Thursday, March 8, is International Women’s Day. Some will observe the day by attending seminars on women’s health, making donations to to causes that aid and empower women around the world or celebrating the accomplishments of notable women from the past and present, such as Eleanor Roosevelt or Google executive Marissa Mayer.

Others might be celebrating by applying red lipstick, taking an Instagram photo and submitting it to the Tumblr campaign Rock the Lips.

(Chris Ratcliffe/Bloomberg)

International Women’s Day was inaugurated in 1910, when a German woman named Clara Zetkin proposed that every country devote a day to the needs and political demands of women — which, in those days, included the working rights and the right to vote. Today, the day raises awareness of gender inequality issues and reminds us of what women have achieved since the first International Women’s Day more than 100 years ago. Rock the Lips, a social media effort launched by marketing agency AKQA, is one of many events this year to mark the annual commemoration.

“Rock the Lips is an awareness effort,” said Kristina Slade, creative director of AKQA, in an e-mail.  “It's a way to spread knowledge that there even IS an International Women's Day, and to support the idea. We felt that a ‘celebrational’ angle would appeal to an untapped segment of women.”

Though Rock the Lips appears to be similar to a “post your bra color” Facebook status trend that went viral in January 2010 and was eventually used by some to raise awareness of breast cancer, there are differences. The bra color campaign was not organized and was linked to the cause after some women listed their “bra color” in memory of those who died of the disease. The trend drew critics who said the postings should be linked to a breast cancer awareness site.
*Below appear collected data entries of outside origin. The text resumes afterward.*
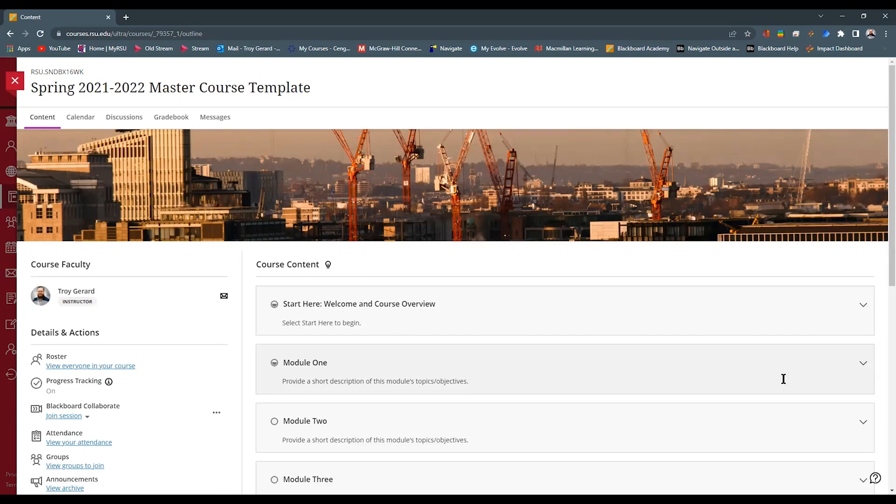While you're building your course, you can understand that students are going to see assignments as a pop-up window first. So you'll want to put your content in the settings and description box versus in the body of the actual assignment itself.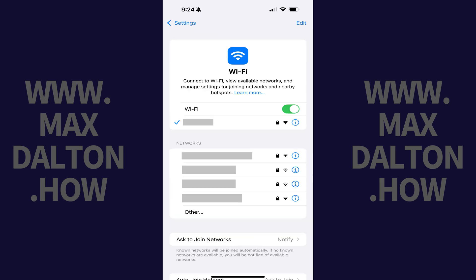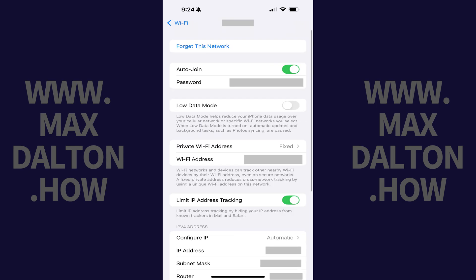The Wi-Fi screen is displayed. Step 3: Tap the i icon associated with the Wi-Fi network in this list that you want to hide your iPhone or iPad name from. The information screen for that specific Wi-Fi network is displayed.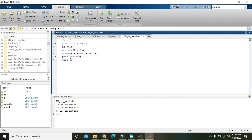This is a very simple description of amplitude modulation. Thanks for watching this video tutorial.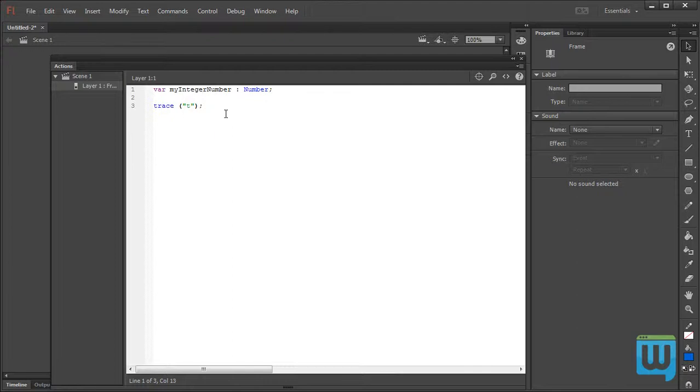If you want to use the underscore for spacing that is also pretty much accepted, so do it however you feel comfortable with.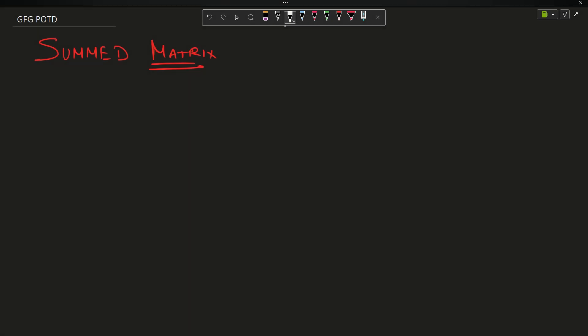Welcome back to the channel guys, hope you are doing extremely well. This is a very on-campus quarter, so we are going to deal with the question of some matrix today.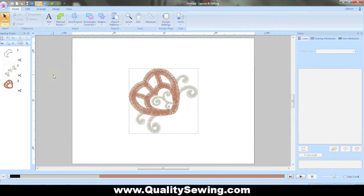Now I want to continue our discussion of using Brother PE Design Next along with a cutwork design from an existing company and the Brother PR cutwork tool.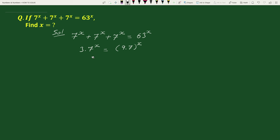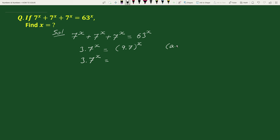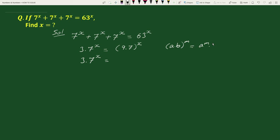This gives us 3 times 7 to the power x equals, and now by the exponential rule, a times b whole to the power m equals a to the power m times b to the power m. We can write the right side as 9 to the power x times 7 to the power x.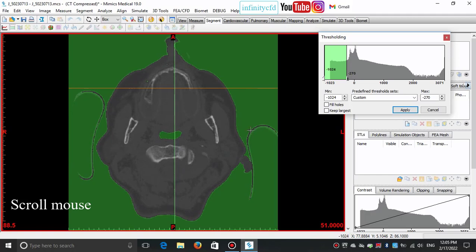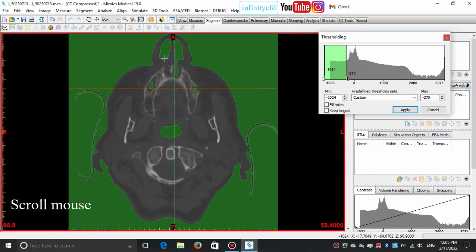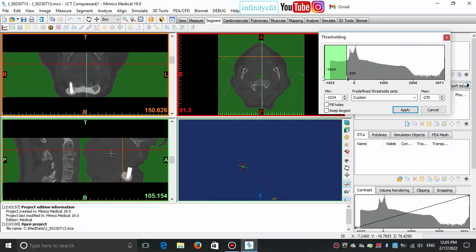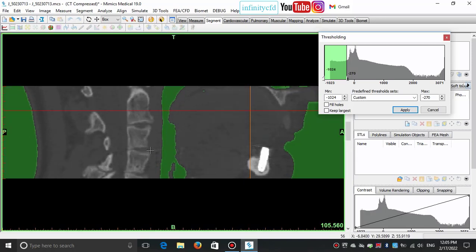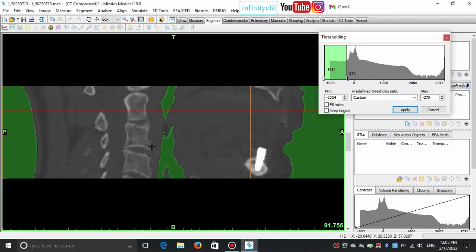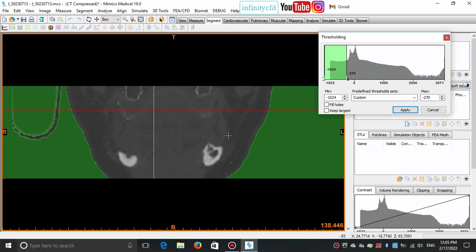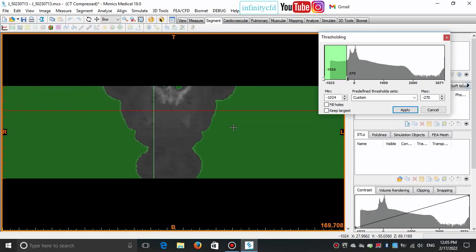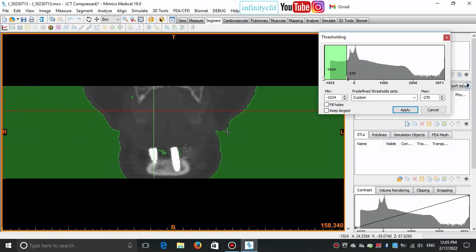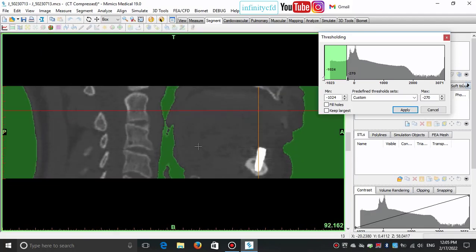I check it out by moving through slices using the scroll mouse button, and also in the sagittal plane. I edit the mask to get our desired geometry.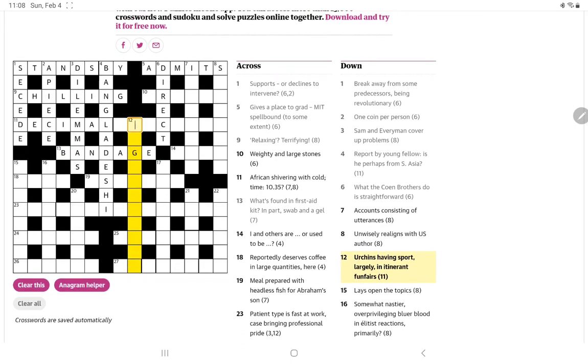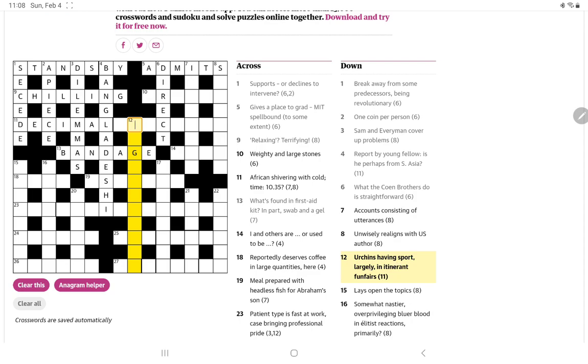Urchins having sport largely in itinerant funfares. So I think it's going to be an anagram of urchins having. But then it says large because that's too many letters. Or maybe it's urchins in sport. We should be able to come up with a word. I think itinerant funfares is going to be the definition. Carnivals. Maybe it's an archaic word.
Rock the Lips does not link to the International Women’s Day site nor offer details on the day’s themes and events for this year. Women who participate in Rock the Lips might not be aware of the day’s role in bringing important attention to issues such as gender inequality, education and health care, violence against women and income disparity.

International Women’s Day comes at a particularly telling time in the United States this year, as politics and women’s concerns about reproductive health have collided in the Virginia statehouse, on the campaign trail and among media personalities, such as Rush Limbaugh, who caused outrage with his remarks disparaging Georgetown law student Sandra Fluke, prompting advertisers to flee his talk show.

Without more explanation and information about what the day means, people who pose for an Instagram and post their photos on the Rock the Lips site may never learn the substance of the women’s issues being raised.

Slade said in her e-mail that AKQA would be inviting participants in Rock the Lips to donate to their Kiva team, a micro-loan organization. There is no mention of Kiva early Wednesday on the blog or on the Rock the Lips Facebook page, where postings described “power pouts,” recommended lipstick shades and linked to articles about courageous women.

Slade also said that she’s looking for a cosmetics brand partner to “create a special pro-lady red lipstick and increase our efforts at generating awareness and celebration in the future.”

So, on March 8, if you post on Rock the Lips, keep in mind that the day is about much more than a pretty pout.

How do you plan to recognize International Women’s Day?